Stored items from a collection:

::::::::

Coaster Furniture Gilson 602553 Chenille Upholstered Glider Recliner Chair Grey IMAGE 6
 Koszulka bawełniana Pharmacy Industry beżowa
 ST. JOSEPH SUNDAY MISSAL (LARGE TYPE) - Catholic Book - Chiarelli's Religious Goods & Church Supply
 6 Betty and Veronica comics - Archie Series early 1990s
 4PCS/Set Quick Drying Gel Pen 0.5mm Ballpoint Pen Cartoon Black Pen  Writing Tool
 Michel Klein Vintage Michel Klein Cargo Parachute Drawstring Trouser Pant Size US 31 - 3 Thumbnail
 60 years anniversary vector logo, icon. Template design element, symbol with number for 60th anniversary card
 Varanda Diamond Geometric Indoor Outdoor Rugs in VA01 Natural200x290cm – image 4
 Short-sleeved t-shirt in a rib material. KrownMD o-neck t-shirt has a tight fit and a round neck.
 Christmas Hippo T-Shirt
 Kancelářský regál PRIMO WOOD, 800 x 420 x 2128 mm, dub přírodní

::::::::

§ **Exercise**: Repeat each entry word for word.

§ **Answer space**:
Coaster Furniture Gilson 602553 Chenille Upholstered Glider Recliner Chair Grey IMAGE 6
 Koszulka bawełniana Pharmacy Industry beżowa
 ST. JOSEPH SUNDAY MISSAL (LARGE TYPE) - Catholic Book - Chiarelli's Religious Goods & Church Supply
 6 Betty and Veronica comics - Archie Series early 1990s
 4PCS/Set Quick Drying Gel Pen 0.5mm Ballpoint Pen Cartoon Black Pen  Writing Tool
 Michel Klein Vintage Michel Klein Cargo Parachute Drawstring Trouser Pant Size US 31 - 3 Thumbnail
 60 years anniversary vector logo, icon. Template design element, symbol with number for 60th anniversary card
 Varanda Diamond Geometric Indoor Outdoor Rugs in VA01 Natural200x290cm – image 4
 Short-sleeved t-shirt in a rib material. KrownMD o-neck t-shirt has a tight fit and a round neck.
 Christmas Hippo T-Shirt
 Kancelářský regál PRIMO WOOD, 800 x 420 x 2128 mm, dub přírodní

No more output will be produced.